→ YOUR GOAL
Check each line of the entries. Copy the ones that contain the string "Beige".
___ DATA SECTION
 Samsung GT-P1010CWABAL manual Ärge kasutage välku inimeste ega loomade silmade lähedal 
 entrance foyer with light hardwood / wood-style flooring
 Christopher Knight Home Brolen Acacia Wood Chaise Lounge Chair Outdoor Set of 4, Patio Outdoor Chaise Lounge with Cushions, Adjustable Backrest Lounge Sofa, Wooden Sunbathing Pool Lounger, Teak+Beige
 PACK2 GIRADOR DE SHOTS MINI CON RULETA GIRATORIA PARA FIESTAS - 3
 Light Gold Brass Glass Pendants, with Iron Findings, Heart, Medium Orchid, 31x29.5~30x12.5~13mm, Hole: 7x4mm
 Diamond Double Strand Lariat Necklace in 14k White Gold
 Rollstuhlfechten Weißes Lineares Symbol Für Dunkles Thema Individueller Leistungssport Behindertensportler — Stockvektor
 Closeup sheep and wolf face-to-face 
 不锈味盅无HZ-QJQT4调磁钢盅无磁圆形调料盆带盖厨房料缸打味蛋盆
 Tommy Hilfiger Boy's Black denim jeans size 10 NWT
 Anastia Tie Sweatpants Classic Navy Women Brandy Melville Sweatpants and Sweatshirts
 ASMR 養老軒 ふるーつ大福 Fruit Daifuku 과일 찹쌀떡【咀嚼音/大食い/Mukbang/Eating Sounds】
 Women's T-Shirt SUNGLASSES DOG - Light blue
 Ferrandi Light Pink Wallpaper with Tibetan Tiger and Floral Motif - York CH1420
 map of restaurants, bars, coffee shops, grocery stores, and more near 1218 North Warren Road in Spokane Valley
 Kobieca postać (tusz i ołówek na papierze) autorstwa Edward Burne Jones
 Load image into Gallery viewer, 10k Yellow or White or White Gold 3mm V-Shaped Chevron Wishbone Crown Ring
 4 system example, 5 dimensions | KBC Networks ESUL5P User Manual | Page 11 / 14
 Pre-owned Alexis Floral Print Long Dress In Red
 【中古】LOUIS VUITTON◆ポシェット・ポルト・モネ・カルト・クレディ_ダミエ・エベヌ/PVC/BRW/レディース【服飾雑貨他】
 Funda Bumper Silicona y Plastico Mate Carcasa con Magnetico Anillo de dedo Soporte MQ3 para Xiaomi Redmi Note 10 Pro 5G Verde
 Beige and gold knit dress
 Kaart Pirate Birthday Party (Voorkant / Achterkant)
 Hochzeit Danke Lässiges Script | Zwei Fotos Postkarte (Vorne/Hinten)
______
→ ANSWER BOX
 Christopher Knight Home Brolen Acacia Wood Chaise Lounge Chair Outdoor Set of 4, Patio Outdoor Chaise Lounge with Cushions, Adjustable Backrest Lounge Sofa, Wooden Sunbathing Pool Lounger, Teak+Beige
 Beige and gold knit dress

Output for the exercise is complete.